The task of making a model, publishing it as a geoprocessing service, and building a web application can be straightforward. Designing a service that is easy to understand and use can be more complicated. Many of us resort to the trial and error approach when building geoprocessing services, but this usually leads to frustration and a poor experience for those running our services. If you take a few moments to consider what your service will do, and the audience who will consume this service, you can reduce your iterations and end up with a useful and user-friendly service.
Let’s start by working on a common task: you want to create a service where the user specifies a query to select features before performing some further analysis. Hopefully you thought of the Select Layer by Attribute or Select Layer by Location tools. You’re a GIS expert, a master of databases and a geoprocessing wizard; this will be an easy task. Your tool probably looks similar to the Select Census Tracts tool.
You’ve run the tool to ensure it works correctly in ArcMap, and published it as a service. Next, you created a web app using Web AppBuilder, and configured a geoprocessing widget that allows your users to perform analysis. This widget inside the web application looks very similar to your tool inside ArcMap.
The first parameter, a drop-down list allows the user to select a layer.
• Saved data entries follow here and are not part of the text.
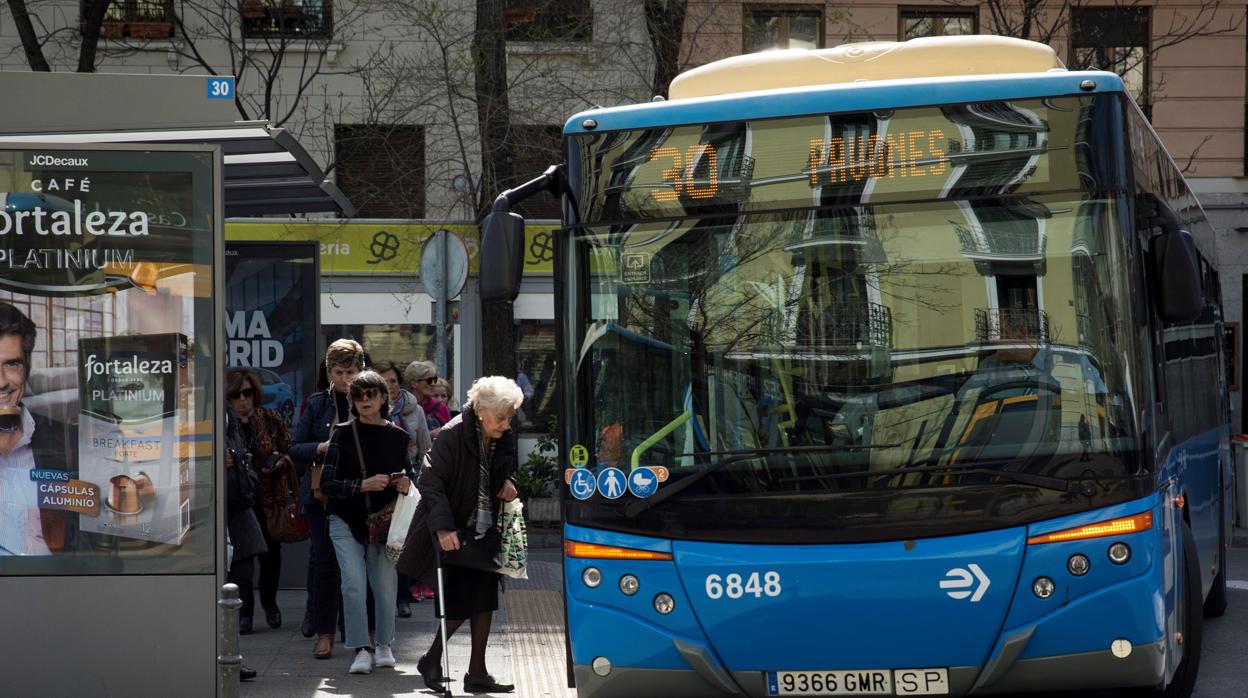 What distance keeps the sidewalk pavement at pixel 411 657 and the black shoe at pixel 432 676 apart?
58mm

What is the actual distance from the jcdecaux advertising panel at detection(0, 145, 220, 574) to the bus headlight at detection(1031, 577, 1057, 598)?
12.0ft

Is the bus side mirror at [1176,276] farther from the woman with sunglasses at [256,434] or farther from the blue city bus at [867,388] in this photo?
the woman with sunglasses at [256,434]

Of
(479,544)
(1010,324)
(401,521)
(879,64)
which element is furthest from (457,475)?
(1010,324)

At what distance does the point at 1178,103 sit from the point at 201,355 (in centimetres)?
1901

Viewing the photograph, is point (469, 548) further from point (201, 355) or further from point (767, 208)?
point (767, 208)

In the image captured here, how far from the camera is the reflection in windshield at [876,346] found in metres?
6.02

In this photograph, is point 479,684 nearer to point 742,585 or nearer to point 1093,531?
point 742,585

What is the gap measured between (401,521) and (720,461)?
9.16ft

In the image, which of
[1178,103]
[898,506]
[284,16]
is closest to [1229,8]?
[1178,103]

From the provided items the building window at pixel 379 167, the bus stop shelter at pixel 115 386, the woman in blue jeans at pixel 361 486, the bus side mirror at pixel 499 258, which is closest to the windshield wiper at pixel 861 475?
the bus side mirror at pixel 499 258

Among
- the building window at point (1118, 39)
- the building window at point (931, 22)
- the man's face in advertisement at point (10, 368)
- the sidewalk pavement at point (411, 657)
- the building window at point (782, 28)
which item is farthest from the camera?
the building window at point (931, 22)

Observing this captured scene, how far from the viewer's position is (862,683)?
6035 millimetres

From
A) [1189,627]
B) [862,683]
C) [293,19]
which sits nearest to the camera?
[862,683]

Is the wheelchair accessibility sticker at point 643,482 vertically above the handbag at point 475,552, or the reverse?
the wheelchair accessibility sticker at point 643,482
When using the layer input parameter, the list of layers in the published service gets set to the same list of layers that you had in your map when you originally published the service. This set list inside the geoprocessing service will most likely be different than the layers in the associated web map. The inability to select the layers in the map and provide them as input to the service could be a source of confusion to your users.
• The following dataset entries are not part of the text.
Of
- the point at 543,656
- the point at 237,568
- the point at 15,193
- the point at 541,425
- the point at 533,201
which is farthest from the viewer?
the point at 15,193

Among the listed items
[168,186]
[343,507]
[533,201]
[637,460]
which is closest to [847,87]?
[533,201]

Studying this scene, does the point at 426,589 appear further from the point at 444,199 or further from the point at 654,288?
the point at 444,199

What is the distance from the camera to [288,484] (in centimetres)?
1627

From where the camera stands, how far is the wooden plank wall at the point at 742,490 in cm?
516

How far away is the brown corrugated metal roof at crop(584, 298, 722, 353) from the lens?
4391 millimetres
Another significant issue is the query Expression parameter in the web application’s geoprocessing widget is now a basic textbox. The more advanced and user-friendly SQL Query control you used in ArcMap only exists inside your Desktop GIS application; as such, the parameter gets turned into a simple string when published as a service.
If the people who will be using your service are:
- savvy enough to understand they can’t provide data from their web map as input to the service
- OK with selecting their input from a static list of input layers, and
- able to write SQL queries without seeing the attribute table or any syntax help
…then your work is done! At this point you’ve probably identified how silly it is to expect someone to provide a SQL query without knowing anything about the data. It is time to step back and think about how we could re-design this service.
Time to Design!
One thing we could have done during publishing was to change the input mode on the input layer to a constant value. Essentially, this hard codes the service to using one layer, in this case, the census layer. As shown in the geoprocessing widget, the user no longer has the ability to choose a layer. This should reduce some confusion from trying to select a layer in the web map when the service should only function against the census data. When configuring a widget in Web App Builder, you can also update parameter labels to provide more information on how to use the widget. As shown, the Expression label was updated to explain that the user must provide a query.
Let’s investigate the first option and build a new tool using Python.
Now, instead of expecting your users to construct SQL queries, you can create a series of string inputs that aids the user in building a query. The script tool is responsible for bringing the SQL elements together, no longer burdening the service user with making guesses or searching for help. Once published, the service user would enter values exactly as they would when using the tool inside ArcMap or ArcGIS Pro. This might make the service slightly more user-friendly, but still, it requires that the person using it understands selection operators. Can we make this even better? Absolutely! We can create a better service by making a string parameter where the user can choose easy to understand natural language statements. Consider the following script tool and geoprocessing widget example.
The string parameter “What do you want to select?” has a value list filter that allows you to define acceptable options to choose from. The list you built inside the tool provides the exact same drop-down list of options inside the widget. The set list of choices will make this tool usable by anyone! The code inside the script tool makes use of a dictionary to take the easy-to-understand choice and turn it into a proper SQL query. We accepted the trade-off of restricting the service to a few queries, instead of having users guess to get the service to work.